Rui assentiu, isso fazia muito sentido. Só a quantidade de fundos e recursos gastos na guerra de inteligência que, sem dúvida, estava constantemente ocorrendo entre a União Marcial e o Império Kandriano esgotava muito seu capital. Espionagem, interceptação, vigilância, rastreamento, infiltração e outras missões secretas de coleta de inteligência eram, sem dúvida, bastante caras. No entanto, ambos os lados não podiam deixar de se envolver nelas.
Além disso, se Rui não estivesse errado, provavelmente havia outras medidas que ambos os lados tomavam que também eram onerosas.

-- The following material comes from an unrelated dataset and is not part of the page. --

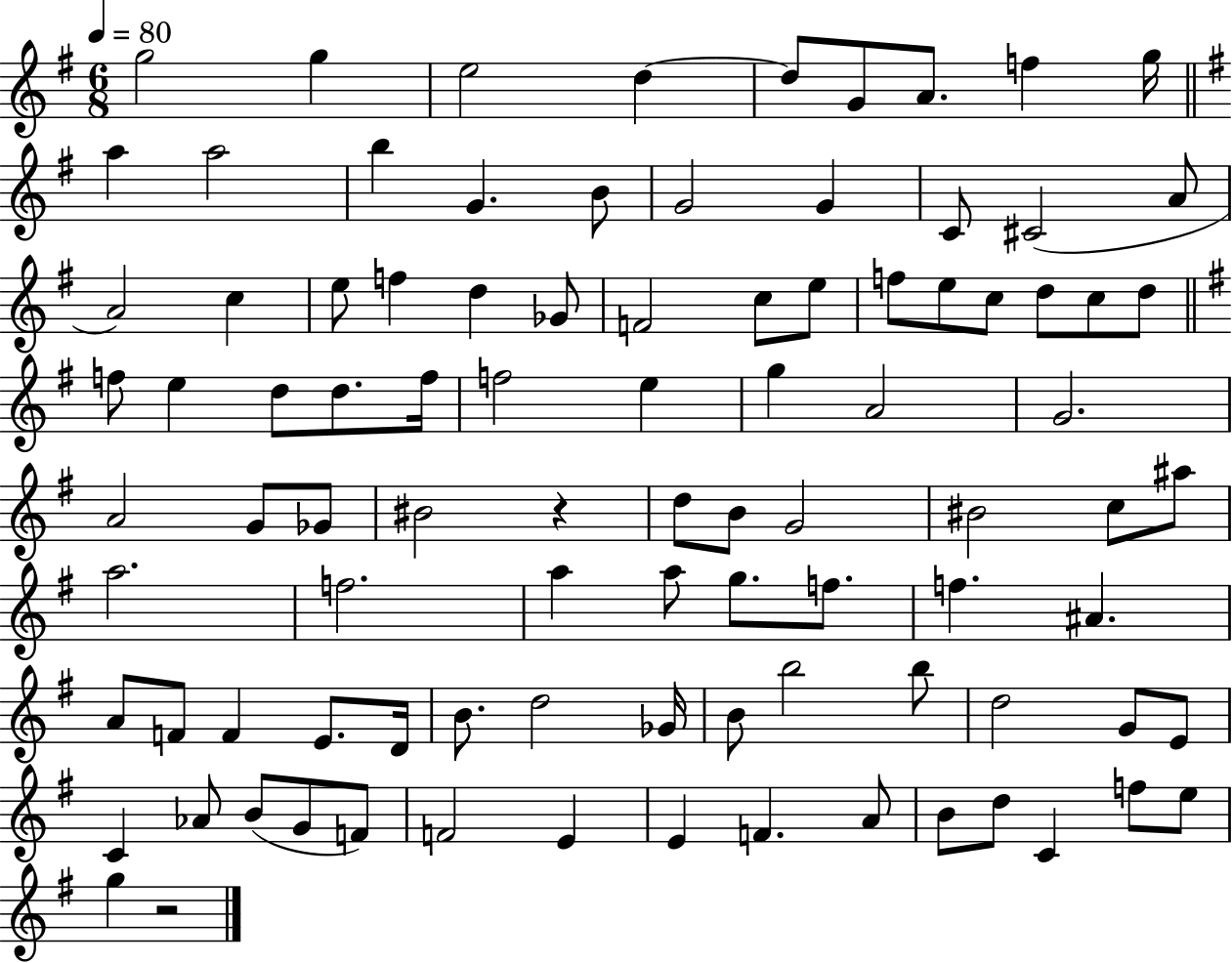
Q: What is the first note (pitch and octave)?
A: G5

— Não se limita apenas à coleta de inteligência — ele suspirou. — Nem a União Marcial nem o Império Kandriano podem enfraquecer seu poder militar e marcial dentro do Império Kandriano além de certo grau por medo de convidar um ataque do outro lado. A União Marcial não pode permitir que seus artistas marciais aceitem mais do que um certo número de comissões estrangeiras a qualquer momento, pois não pode se dar ao luxo de ter muitos artistas marciais deixando o Império Kandriano, enfraquecendo seu poder base a qualquer momento. O mesmo também se aplica ao Império Kandriano.
Ele suspirou. — Você não vê? Estamos nos segurando tanto, o Império Kandriano poderia ser muito mais se realmente aproveitássemos cada grama do nosso poder.